I had a meeting yesterday with my friend, George. I wrote a few weeks ago about George and how he is helping me navigate a transition in my life. That transition continues and is making progress.
The Apostle Paul wrote a letter to the followers of Jesus in Rome concerning their faith, lifestyle and transition from one way of life to another. This transition was a key element in all of Paul’s writing. To the Jesus-followers at Corinth he wrote, “…old things have passed away and all things have become new.” To the followers at Ephesus he wrote, “you were once darkness, but now you are light in the Lord. Live as children of light” and “put off, concerning your former conduct, the old man which grows corrupt according to the deceitful lusts, and be renewed in the spirit of your mind, and that you put on the new man which was created according to God, in true righteousness and holiness.” To the believers at Colossae he wrote, “Set your minds on things above, not on earthly things. For you died, and your life is now hidden with Christ in God.”
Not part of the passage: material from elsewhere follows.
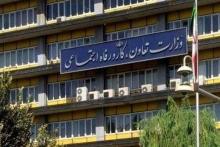 تاکنون سایتی برای ثبت&zwnj;نام متقاضیان وام یک میلیون تومانی اعلام نشده است/ متقاضیان صبور باشند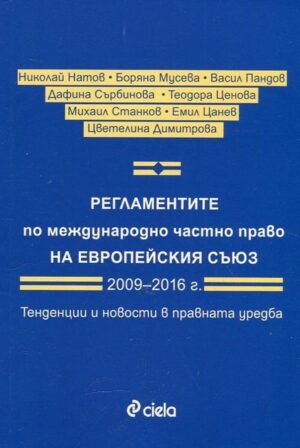 Регламентите по международно частно право на Европейския съюз 2009–2016 г. Тенденции и новости в правната уредба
It seems movement and improvement, in any sense, was the intended destination of a life lived in relationship with God. In the Romans letter mentioned above there is the most obvious (as if they all are not) passage to this end. It is found in chapter twelve. This section of the letter needs to be taken in context. The letter was written, according to historians, and then an amendment was attached. That amendment was later inserted into the body of the letter (chapters nine – eleven.) So, what we have today was originally written as what is chapter eight flowing into what is chapter twelve. In chapter eight, probably the most complete single chapter in the New Testament, Paul concludes by declaring that nothing could separate us from God’s love as we find it in the person, work and commitment of Jesus. Then, his follow-up statement to that dynamic truth is this…
And so, dear brothers and sisters, I plead with you to give your bodies to God because of all he has done for you. Let them be a living and holy sacrifice—the kind he will find acceptable. This is truly the way to worship him. Don’t copy the behavior and customs of this world, but let God transform you into a new person by changing the way you think. Then you will learn to know God’s will for you, which is good and pleasing and perfect.
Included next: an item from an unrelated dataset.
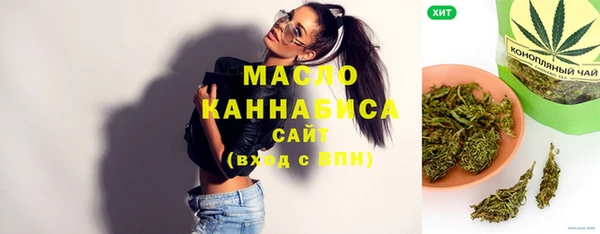 spice Магас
The transition is communicated here as transformation, a metamorphosis, as happens to a caterpillar as it cocoons itself and later emerges as a butterfly. A term for this place of transition is the word Chrysalis, which means a protected place of development. The cocoon is God’s mercy and grace working in cooperative choreography in our souls to bring about the transition from what we were/are to what we are becoming/will be.
Eugene Peterson has so wonderfully captured this thought in terms congruent with our life and surroundings as he paraphrases this message of Paul as follows…
So here’s what I want you to do, God helping you: Take your everyday, ordinary life—your sleeping, eating, going-to-work, and walking-around life—and place it before God as an offering. Embracing what God does for you is the best thing you can do for him. Don’t become so well-adjusted to your culture that you fit into it without even thinking. Instead, fix your attention on God. You’ll be changed from the inside out. Readily recognize what he wants from you, and quickly respond to it. Unlike the culture around you, always dragging you down to its level of immaturity, God brings the best out of you, develops well-formed maturity in you.
What begins this process, or better, what initiates our involvement in this process? Usually it is adversity. That is where my friend, George comes back into this picture. Yesterday as we met, he directed my attention to something he had written (initiated by our current drought/water crisis) that was so simple it was powerful. I want to give it to you with proper credit for your meditation today in light of God’s message to our souls and his invitation to transformation.
George’s quote was, “Adversity is an opportunity to improve ourselves.”
I have for too long stayed on the front side of my own Chrysalis. I have now entered that in a new realm of life for one reason. I want to emerge as a human that is a credit to God, His ways and His legacy. I invite you to discover your own way but first embrace, don’t run from, your adversity.
Don’t think this will be the last time you, or I, go into this place and process but without it we will never go forward to the next transformation. So, what’s your problem? Improve!